しかし、その原子力発電を制御不能にしたのが要するに原子爆弾と呼ばれるもの。つまり原子力発電を制御不能の状態にしてしまうと原子爆弾が爆発しているような被害を出してしまうかもしれないのでした。そしてその原子力発電所の大事故が今回紹介していくチェルノブイリ原発事故だったのです。
ソ連の官僚気質
1980年。ソビエト社会主義共和国連邦の一構成国だったウクライナに地図にも載っていない秘密都市が作られていました。いわゆるプリピャチ秘密都市です。
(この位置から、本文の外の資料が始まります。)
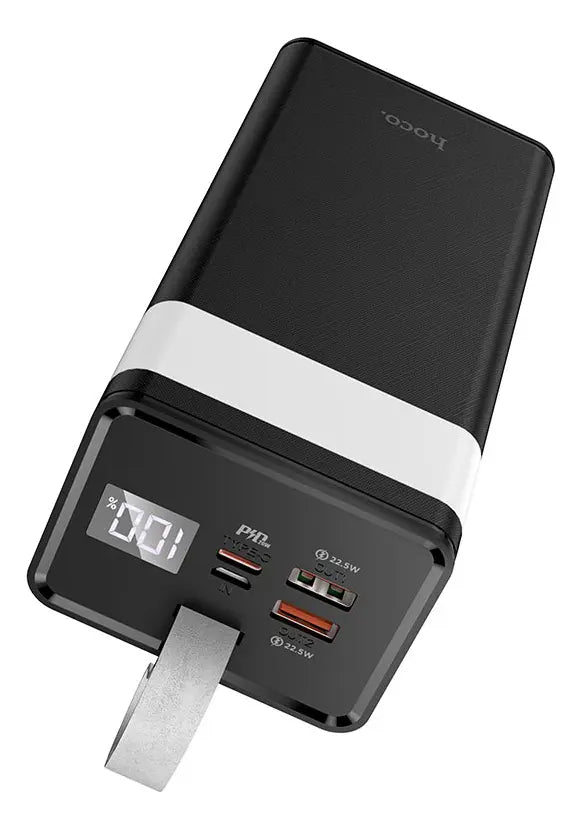 Cargador Portatil Hoco J86 Powerbank 22.5w 40.000mah Negro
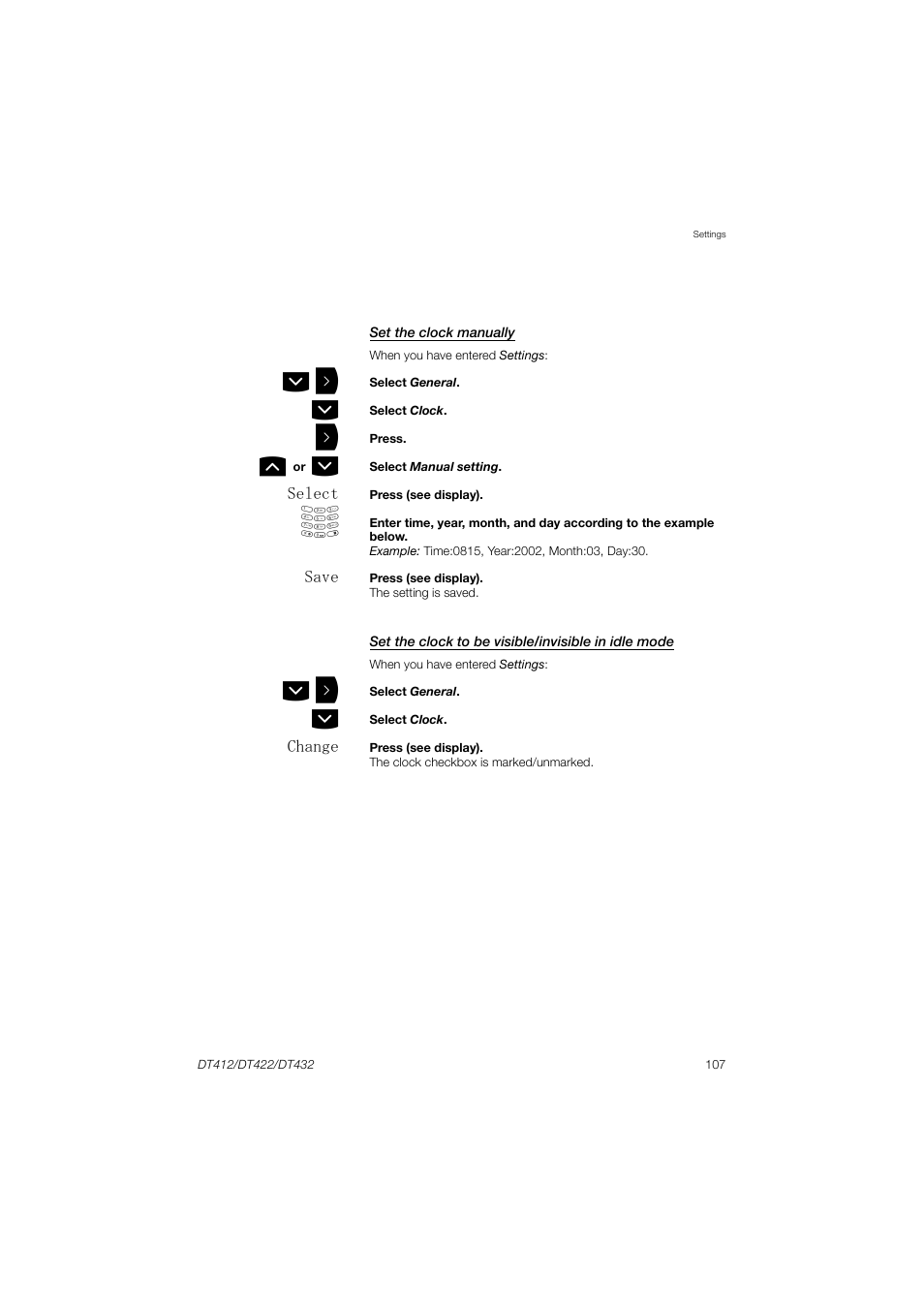 AASTRA DT4x2 for MX-ONE User Guide EN User Manual | Page 107 / 133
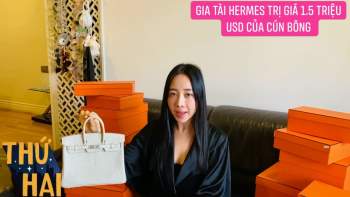 Hot mom nhiều túi Hermès hơn cả Ngọc Trinh lần đầu hé lộ gia tài túi hơn 30 tỷ, nhiều mẫu hot hit chưa chắc có tiền đã mua được - Ảnh 3.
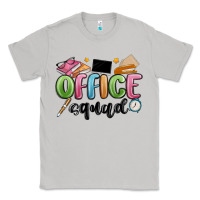 Moon Dust office squad Classic Tee - MaliasSmallBusiness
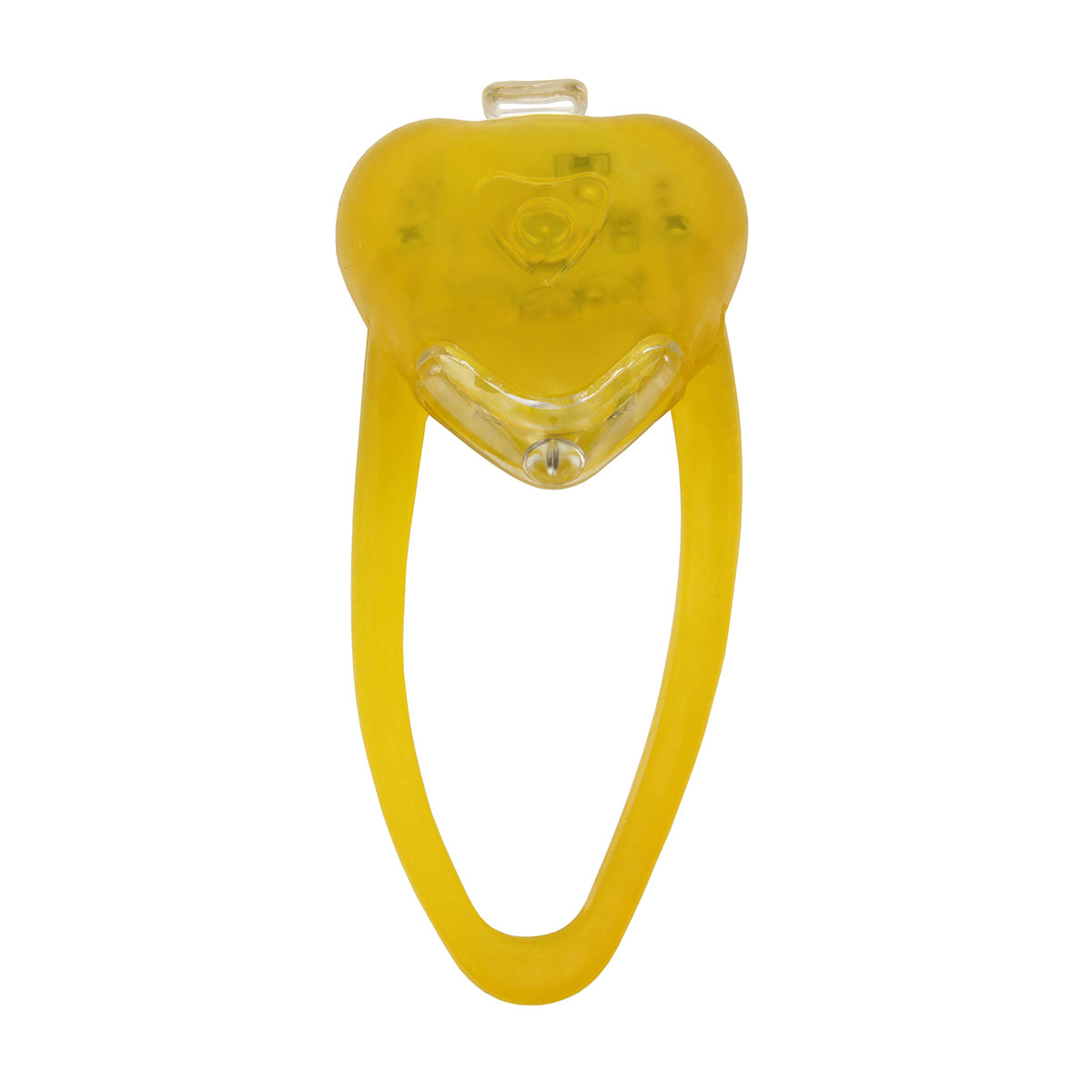 Spade Safety Flashing Light KS-216 Clear/Yellow.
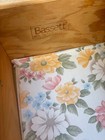 Bassett Furniture Vintage Tall Boy Pine 6 Drawer Dresser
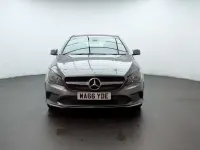 Begagnad Mercedes CLA180 2017 Grå Sedan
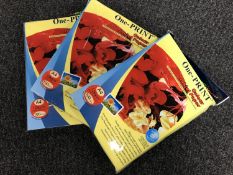 Two boxes of printer paper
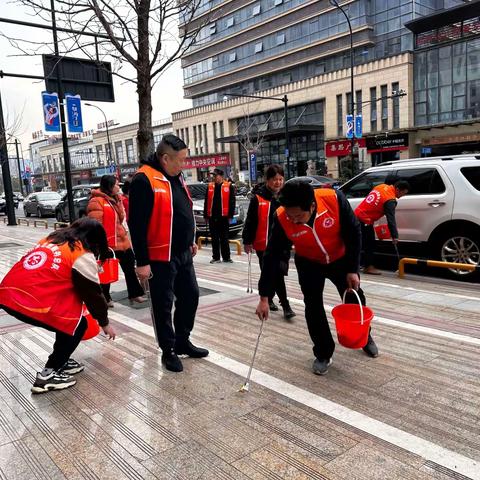 【文昌未来社区学雷锋在行动】愿化春风送温暖，雷锋精神代代传系列志愿服务活动①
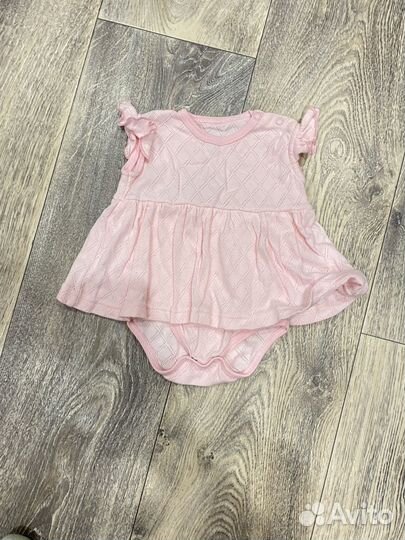 Боди с коротким рукавом 50,56,62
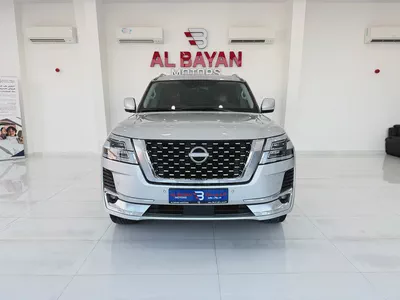 نيسان باترول تيتانيوم LE فضي / زعفراني 2023 (المسعود)-4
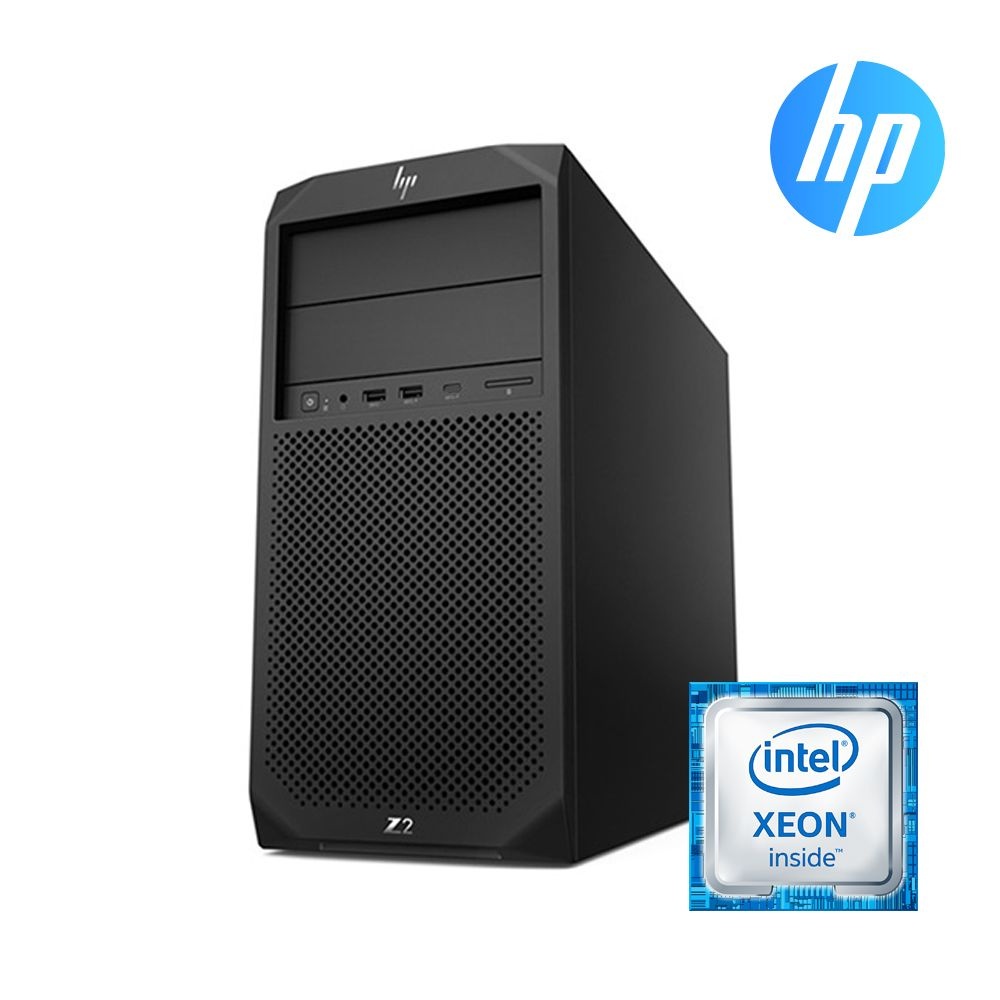 HP [중고] HP Z2 타워 G4 제온 E-2144G 4코어 SSD HDD 쿼드로 P2000 Win10 3D 전문가 중고 워크스테이션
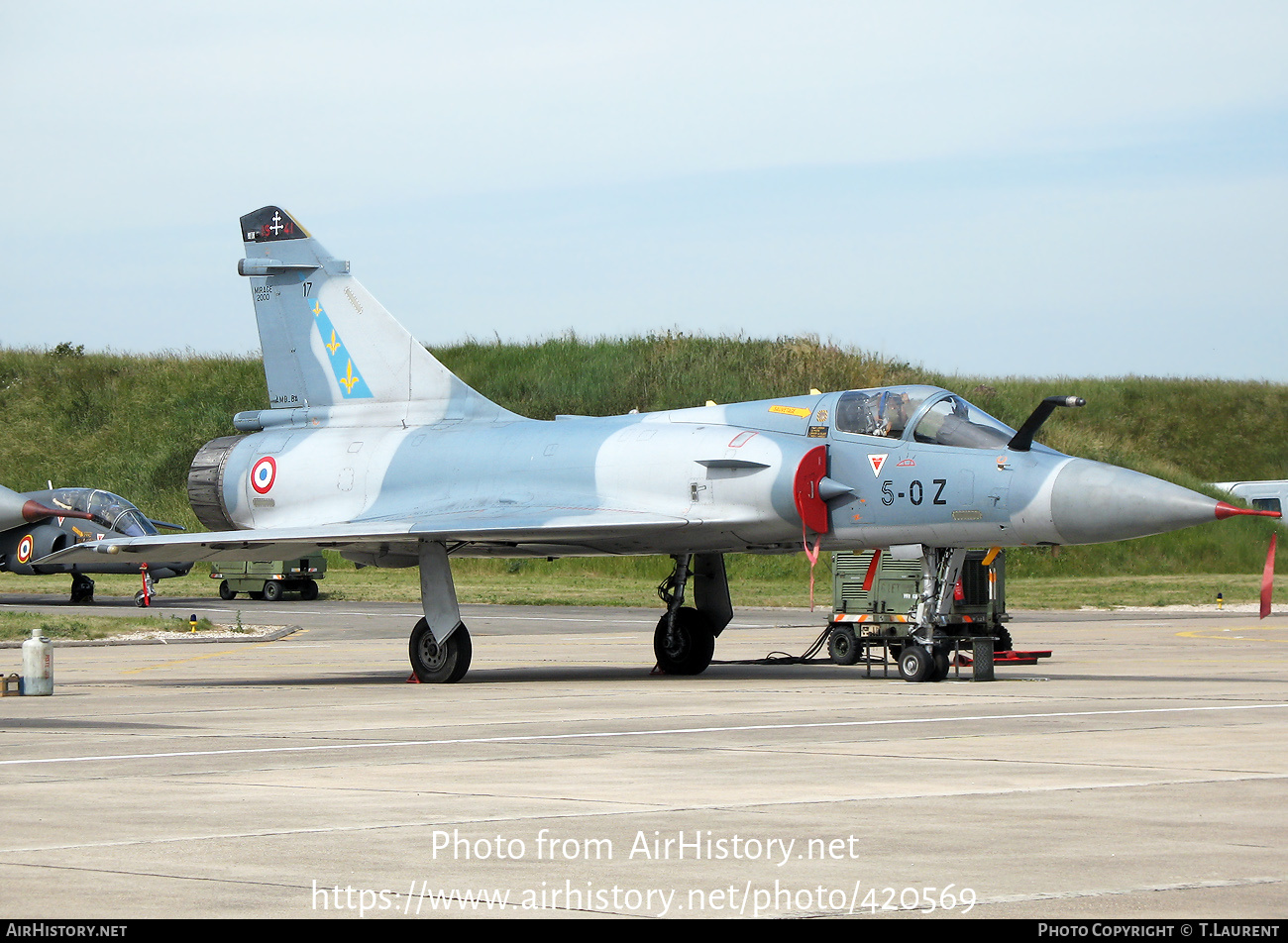 Aircraft Photo of 17 | Dassault Mirage 2000C | France - Air Force | AirHistory.net #420569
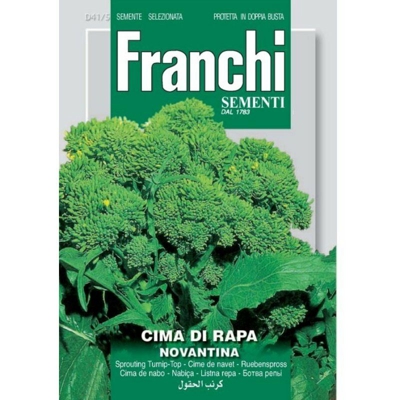 Semi ortofrutta 'Cima di rapa novantina' 3 pz.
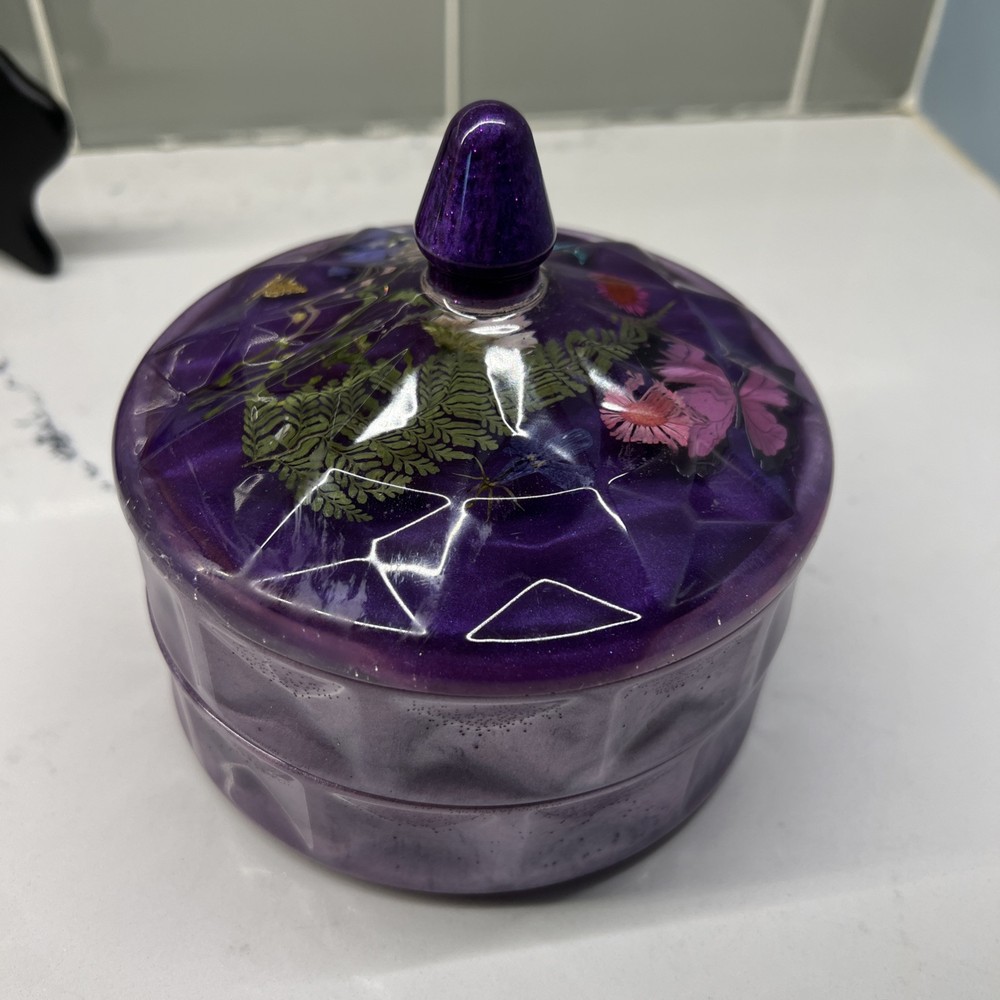 Stackable Resin Trinket Dish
このプリピャチ市はいわゆるチェルノブイリ原子力発電所に勤務している人ためだけの都市であり、当時西側諸国と激しい争いをしていたソ連らしい都市でもありました。
チェルノブイリ原子力発電所は世界最大の原子炉として成長を続けていき、1983年には4号炉の建造を進めていきました。しかし、この4号炉の建造が全然進まず、いつかどうするかどうかもわからない状態でもありました。
しかし、この4号炉をソ連の原子力産業記念日である12月22日に絶対間に合わせなければならないとされており、これに遅れれば原子炉の関係者の立場が危うくなってしまいます。
このため、原子力発電所に絶対に必要な耐熱材が入らなくても無理矢理作らさせなんとか12月21日に完成。その翌年に4号炉を稼働させるに至りました。
しかし、この4号炉がのちに世界を揺るがすとはこの時は思いもしなかったのです。
原子力発電所のテスト
原発事故が起こる3日前。チェルノブイリ原子力発電所では地震や事故などで電力がストップし、原子炉に必要な冷却水を送るポンプが動かなくなった時にタービンの動きでポンプを動かせるのかというテスト。このテスト自体は別になんも問題のない単なるテストなんですが、ソ連の関係者はこの実験を行う時になんと事故が発生した時にすぐに運転を止めるため大量の水を注ぎ込み原子炉を冷やして停止させる緊急炉心冷却装置を取り外してしまったのです。実験のためには仕方のないと思ったのでしょうか?もし失敗した時には取り返しのつかないことになります。
そしてその行為はさらにとんでもないことへとつながっていくのです。
負の連鎖
実験当日。ウクライナの首都のキエフに対して送電を行った後、実験が開始しましたがソ連の原子力発電所は実験レベルの出力となると基本的には不安定な状態に陥ることがありました。
そのため、ガイドラインには基本的には700メガワット以下にはしないようにすると書いていましたが、チェルノブイリの技術者たちはこのガイドラインをガン無視してなんと200メガワットまで下げるように指示を出します。
そのため、実験を行うと原子炉の出力が大幅に低下。このままいくと原子炉は停止してしまうことになりました。
原子炉は一旦完全停止すると基本的には3日は稼働することはありません。そのためもしチェルノブイリ原子力発電所が完全停止するとウクライナの電力供給は不安定なものとなってしまいます。
それだけは絶対に避けたいチェルノブイリの技術者たち。そこで奥の手かのように出力を一気に上げるために原子力の制御棒を9割方抜くという判断をしたのです。
原子炉の大爆発
原子炉の制御棒は原子の核分裂を安定させるための装置ですが、この制御棒を抜いたおかげで原子の分裂が活発に起こることになります。
このことで原子炉の出力は上がることになったのですか、制御棒を抜くということは核分裂のコントロールを効かなくするということ。核をコントロールできないものは要するに核爆弾とほとんど同じ状態であるため、原子炉はいつばくはつするかわからない爆弾となってしまったのです。制御棒を抜いたおかげで原子炉の出力は大幅に上がるようになります。
さらに、原子炉の実験によって原子炉を冷やす冷却水を送らなくしたため原子炉内の水蒸気が増加。炉心では水蒸気の圧力が急激に上がり原子炉の爆発のカウントダウンが迫ることになるのです。
原子炉は水蒸気の圧力で制御不能状態に陥り、この時ようやくチェルノブイリの技術者たちは異変に気づきます。
技術者は緊急停止装置を押して制御棒を一斉に入れるのですが、時はもうすでに遅かった。
制御棒を入れたところで焼け石に水の状態ですし、さらには制御棒を入れる時には一瞬出力が大幅に上がる仕組みだったのです。さらにその制御棒すらも途中で引っかかり先端部分しか入らない状態となってしまい、そのため制御棒を入れた瞬間原子炉が水蒸気爆発。原子炉は停止しついに爆発事故が起こったのでした。